MoveTheWorldForwardTogether

When you join Verizon

Verizon is a leading provider of technology, communications, information and entertainment products, transforming the way we connect across the globe. We’re a diverse network of people driven by our ambition and united in our shared purpose to shape a better future. Here, we have the ability to learn and grow at the speed of technology, and the space to create within every role. Together, we are moving the world forward – and you can too. Dream it. Build it. Do it here.

What you’ll be doing...

The Verizon Corporate Information Security (CIS) organization securely enables the business by protecting assets and information across Verizon networks, infrastructure and applications. CIS integrates cybersecurity governance, policies, technologies and operations across Verizon, and works to incorporate security into the design of technology systems and services.

The Information Risk Management (IRM) team assesses information risk onall Verizon initiatives, products, and applications. This includes internally developed applications (VZ GTS and business technical teams) as well as third party engagements. IRM is a key pillar of the broader CIS function.

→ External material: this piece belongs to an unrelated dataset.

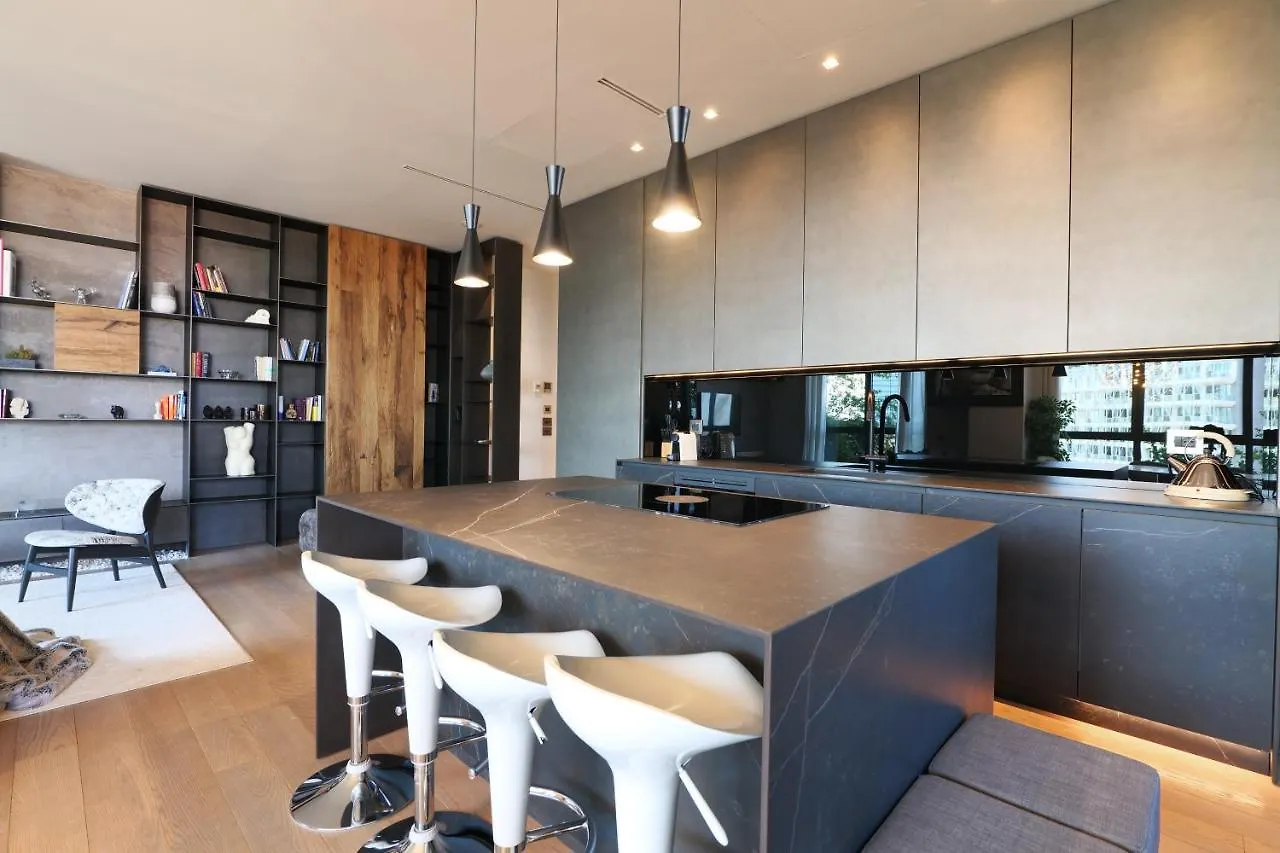 Luxury Suite In Bosco Verticale Milano Isola Apartment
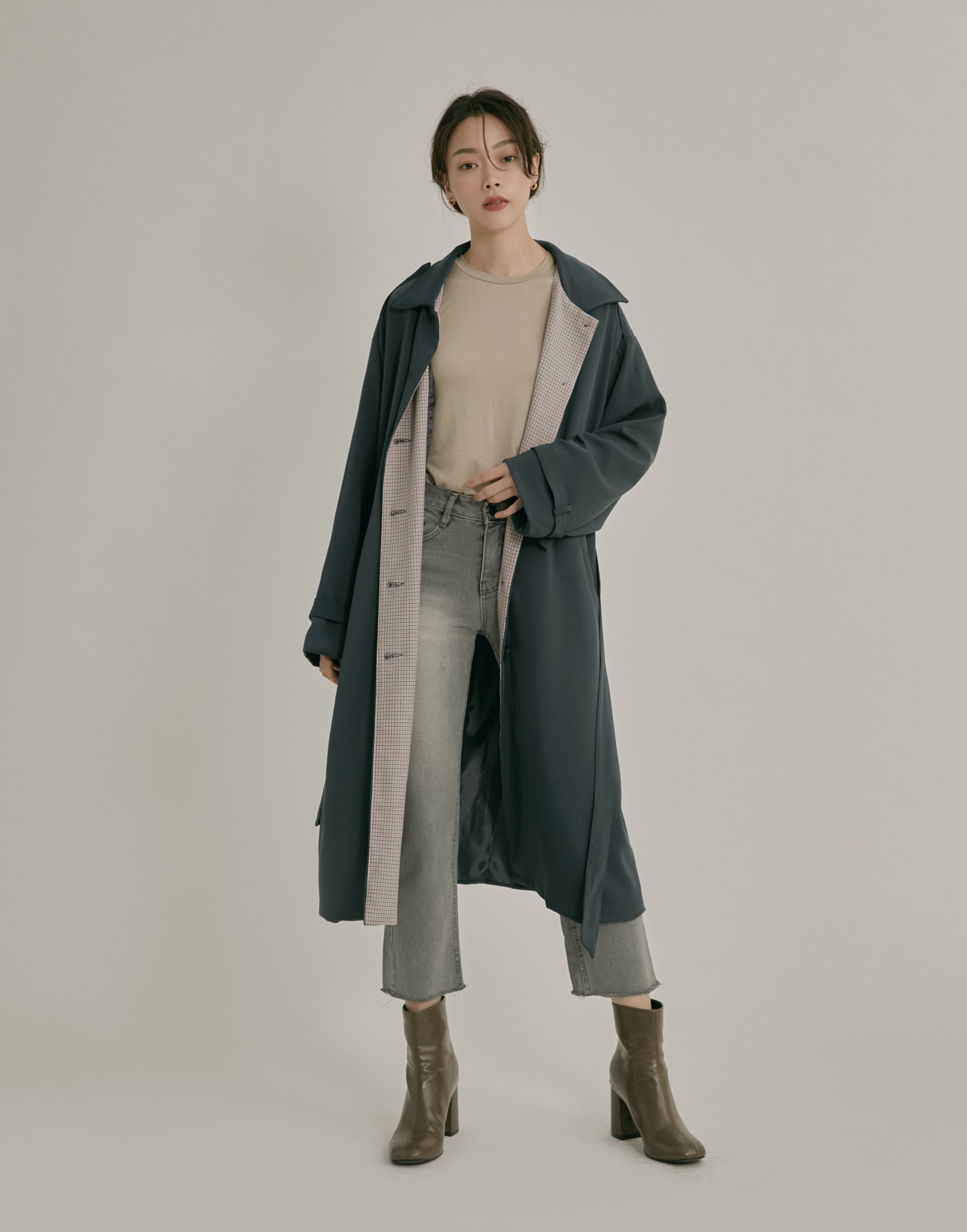 彈性：適中 親膚舒適的風衣面料、有內裡、領內格紋印花、壓釦設計、袖口和腰後附綁帶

We are looking for a dynamic Senior Manager, Security Risk Management to join our growing team.

Responsibilities:

  • Leading and managing the Information Risk Assessment team of analysts, in support of the enterprise-wide Information Risk Management (IRM) program.
  • Managing and executing the Verizon IRM framework across the function, coordinating with other security leadership, CIOs and the functional and business security leads, to ensure proper coverage and definition of roles.
  • Ensuring risk assessments are performed in line with the overall Corporate Information Security and IRM strategy, methodology, policy, standards, and management practices so that they are aligned with specific business-driven risk appetites and profiles, throughout the full system lifecycle.
  • Setting the vision aligned with the overall Corporate Information Security and Business strategies and priorities in support of business goals.
  • Developing comprehensive risk mitigation recommendations.
  • Supporting the delivery of Information Risk Management services and projects within an organizational structure consisting of direct reports, as well as through a matrix operating model.
  • Ensuring hiring, training, staff development, performance management and annual performance reviews are aligned and effectively executed to continue to grow skills and capabilities in accordance with Verizon’s strategic needs.
  • Building the necessary internal relationships and communication networks among the broader information security team and line-of-business executives.
  • Supporting the definition and implementation of Information risk management methodologies and security controls in accordance with Verizon policy and control frameworks.
  • Monitoring external developments that may impact overall risk profiles, including emerging threats, technological developments, regulatory changes, etc.

What we’re looking for...

You'll need to have:

  • Bachelor's degree or four or more years of work experience.
  • Six or more years of relevant work experience.
  • Experience in a combination of risk management, information security and technology.

Even better if you have:

  • A degree in Engineering, Information Technology or Computer Science.
  • Professional management certification in a related field such as Certified Information Systems Security Professional (CISSP), Certified in Risk and Information Systems Control (CRISC), Certified Information Security Manager (CISM), Certified Information Systems Auditor (CISA) or other similar credentials.
  • Experience working with both qualitative and quantitative Information Risk Management frameworks.
  • Experience in building, training, and developing a high-performing team.
  • Knowledge of information risk management, cybersecurity and IT compliance technologies.
  • Knowledge of relevant legal and regulatory requirements.
  • Three or more years of people management experience.
  • Written and verbal communication skills.
  • Ability to communicate information security and risk-related concepts to technical and nontechnical audiences at various hierarchical levels.
  • Knowledge of common information security management frameworks, such as ISO/IEC 27001, ITIL, COBIT as well as those from NIST, including 800-53 and Cybersecurity Framework.
  • Skills in financial/budget management, scheduling and resource management.